I used to teach middle school math in the Boston area, and several of my seventh grade students did the Kumon program outside of school. Kumon math appealed to students who were well-organized and who liked neat, tidy rows of computational problems with one right answer per problem. Unless the Kumon program has changed in the last few years, it involves worksheets of computation problems that get progressively more difficult. When you get a high percentage of problems on a worksheet correct in a certain time period you can progress to the next worksheet. Working fast is definitely stressed. I do not know if any particular strategies for solving the problems are advocated or taught, but I'm definitely curious, if anyone can answer that question.

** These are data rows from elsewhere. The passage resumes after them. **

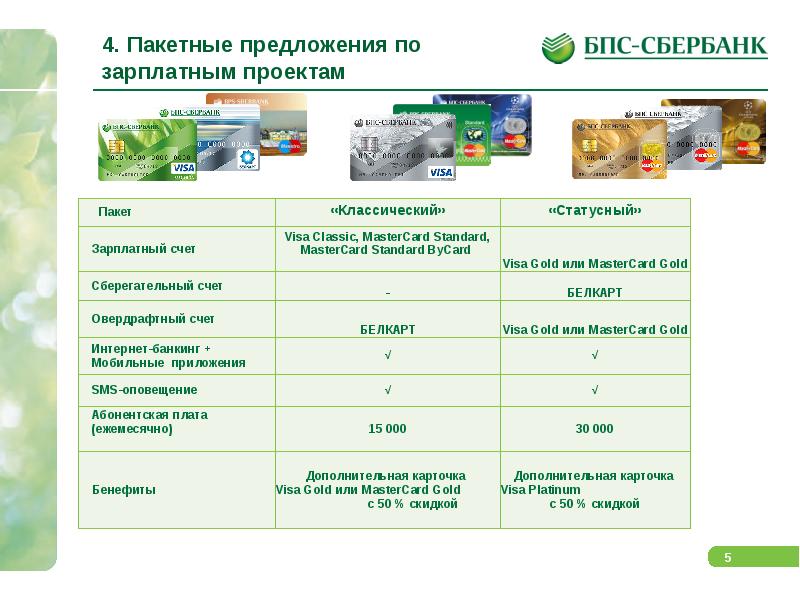 Сколько зарплатных проектов может иметь организация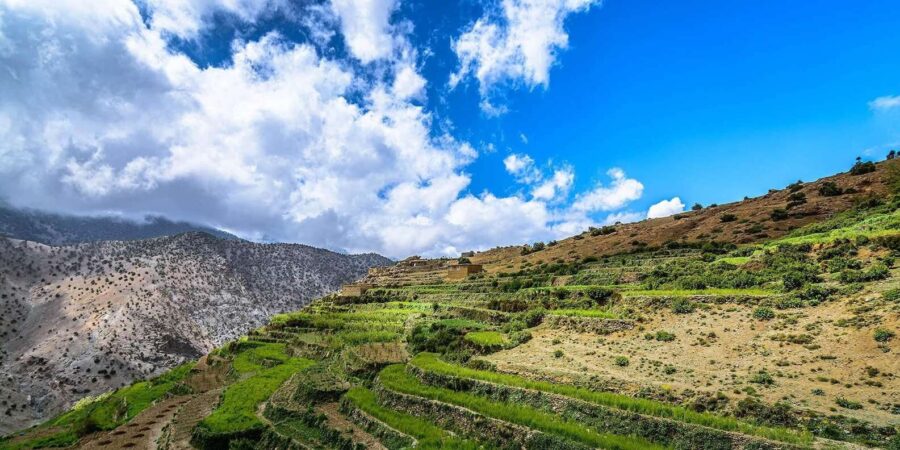 Imlil: Toubkal Massif Valleys Day Treks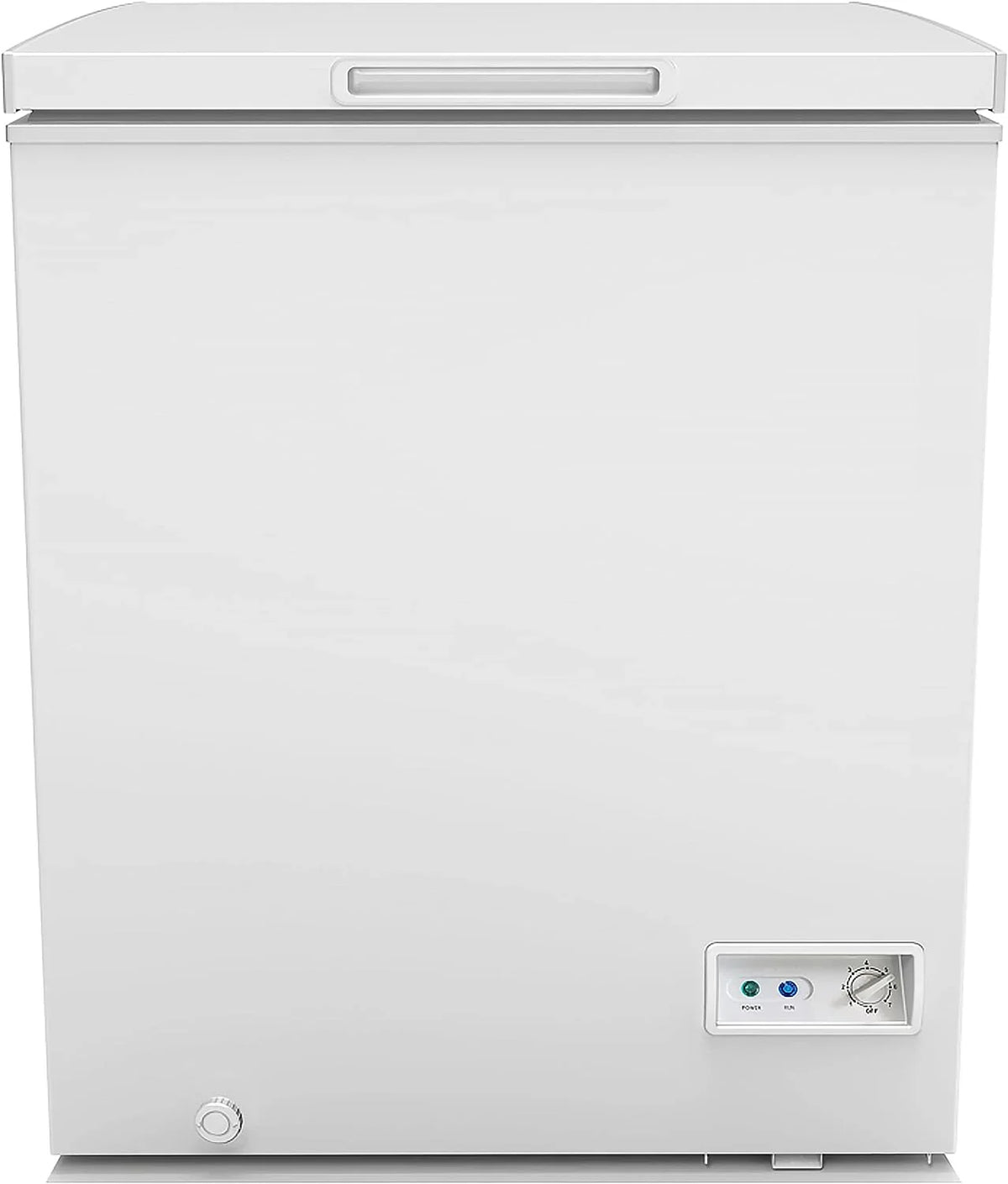Avanti Garage Ready Chest Freezer, 5.0 Cu. ft. Capacity, in White (?CF5F0W) - image 9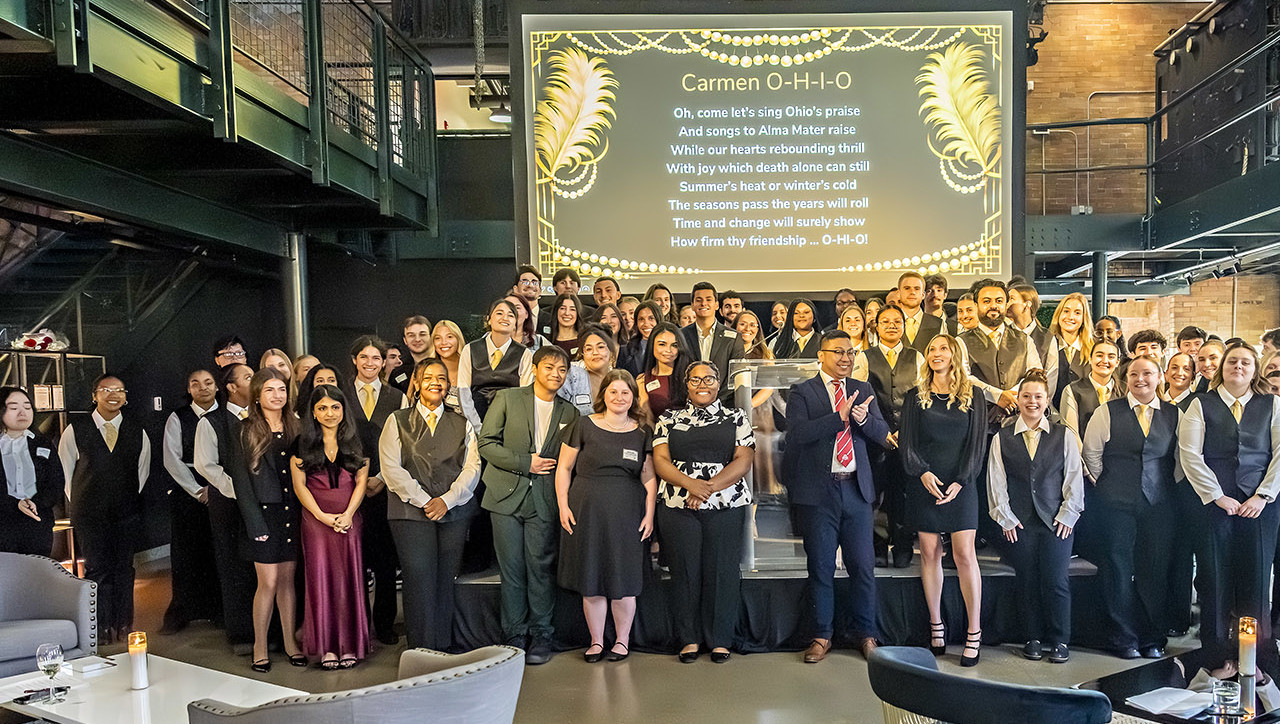 Connecting students, alumni, faculty, and industry professionals.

TERC definitely advocates the development of efficient strategies for computation-- I think the question is WHEN. I would try to explain to parents that it's important for students to have a certain amount of time and practice in their development towards efficiency. Kumon's emphasis on speed could cause them to jump to Mom's method without real understanding. But maybe Kumon Math wouldn't hurt if they need practice on what should have been learned long ago. For instance if a third grader takes too long to come up with addition facts or a fifth grader with multiplication facts the practice and the need for speed on Kumon worksheets might push them to master quick recall.
I would be extra concerned if students are doing Kumon-style worksheets on the topic of computation with fractions and decimals. My experience teaching math at the middle school and high school level is that when students don't have a good conceptual understanding of rational numbers (fractions, decimals, percents) they cannot succeed in algebra and beyond. It's so important to do the conceptual work around fractions and the Investigations fraction units do this brilliantly. Parents might be interested to know that in France they don't teach adding fractions with different denominators until 8th grade! They don't think students are ready developmentally for the difficult concept of finding a common denominator until then. (French schools teach a lot of simple algebraic ideas at younger grades than the U.S., but that's another story.) In other words, what's developmentally appropriate to teach at a certain grade is certainly not commonly agreed on. But parents often think math skills should be taught on the same timeline as when they were kids. So Kumon Math is attractive to them if their kids' teachers don't agree with their timeline.
Try to get the parents to give students a year later than they are used to to master computational skills. They should understand that doing more work with the concepts first takes time (but this is problematic if you're facing middle school teachers or standardized tests that don't agree.)